与其如此,不如趁机割取一些领土就算了,免得让武安君立下大功。”苏代以一副这样大家都好的口吻对范睢说道。
范睢这个人,经常拿钱办事,或以国家力量为自己报仇谢恩,但他之所以仍能得到老谋深算的嬴稷的信任,就在于他非常善于将个人利益和秦国利益绑在一起。这一次自然也是如此。他入宫对秦昭襄王嬴稷说道:“连年征战,咱们秦国上下也累了,就给个机会让赵国和韩国割地谢罪,士兵们也好都休息一下,安心过个年。”
姓苏的一来,这老小子就撺掇着要停战,肯定是又收了钱,嬴稷不置可否的看着范睢在心里想。
但他也明白,去年长平一战,秦国上下也被耗的够呛,险些就顶不住了,确实需要休整一番,毕竟还得防着其它五个怂蛋突然上头要跟自己翻脸。

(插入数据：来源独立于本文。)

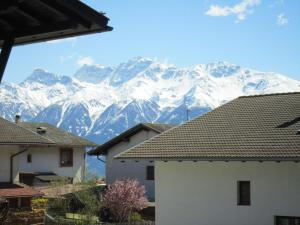 A general mountain view or a mountain view taken from az apartmanhoteleket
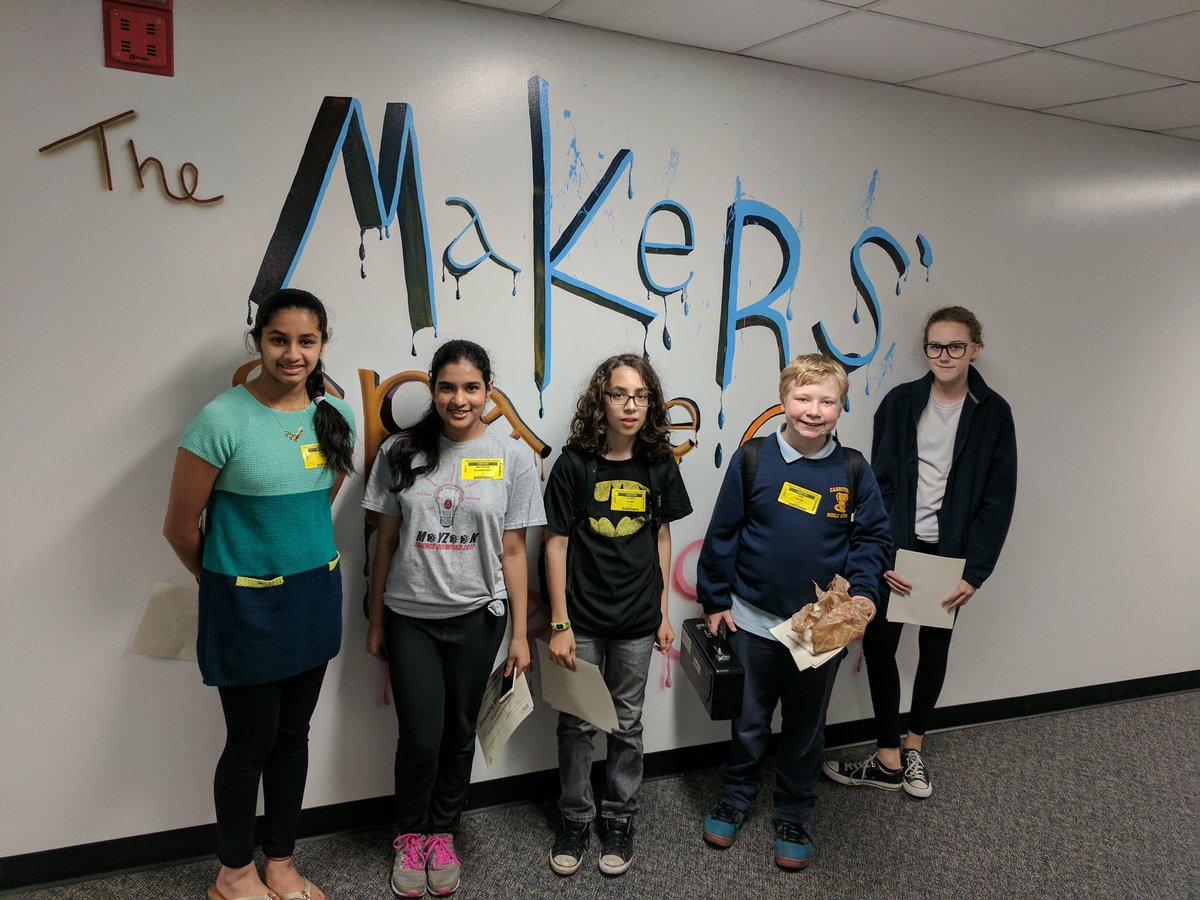 smlatt's tweet photo. Celebrating our @JCPSKY @JCPS_CES Student Technology Ambassadors and their work in providing voice, presentations, &amp; trainings for us. https://t.co/r3JzIasHOX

而被打残了的赵国,就是让它再休养十年,也未必能恢复元气,所以灭赵在他心里并不急于一时,于是同意了范睢的建议,接受韩国割让垣雍(今河南原阳)、赵国献上六座城池后停战的请求。
白起不开心
正月,秦、赵终于罢兵,士兵们回家过年,虽然很多人都因战争失去了亲人,吃不上饱饭,但平头老百姓最擅长苦中作乐,寒冷的风中依然回荡着欢快的气息,只有被腐败分子范睢打乱了战略计划的白起整个春节都板着脸。
当初,范睢为了升官撺掇嬴稷将魏冉送出咸阳,白起已经很不高兴,如今范睢又为了发财让秦国失去了二十万多万兄弟的性命换来的灭赵时机,白起更郁闷了。
秦国撤军后,因为赵国国相虞卿的据理力争并成功与齐国结盟,赵孝成王赵丹并未如约割让六县土地,嬴稷将被忽悠的怒火以为范睢报仇的名义,拐着弯发到了赵丹他叔平原君赵胜头上,说了一堆好听的话将赵胜忽悠到秦国,然后像当年软禁自己的老丈人那样将赵胜扣了下来,并派使者对赵丹说:“你不把魏齐的脑袋给我送过来,我就不让你叔出关。”
本来躲在赵胜门下的魏齐迫于无奈,只得投奔了虞卿,于公,虞卿不能因为保护魏齐引得秦、赵再度交恶;于私,他又不能不顾道义将魏齐交给秦国。最终,他选择了放弃高官显爵陪魏齐逃回了魏国,希望在信陵君魏无忌的帮助下让魏齐在楚国得到庇护。
一来,此时得罪秦国确实不是明智之举;二来,作为亲戚,魏无忌心里实在是太清楚魏齐是个什么货色,所以免不了有些犹豫。
让人没想到的是,色厉内荏的魏齐还挺傲娇,就因为魏无忌没有第一时间答应帮忙,居然怒而自杀。赵丹也没客气,高高兴兴的用魏齐的脑袋把叔叔赵胜给换了回来,好歹也算是废物利用吧。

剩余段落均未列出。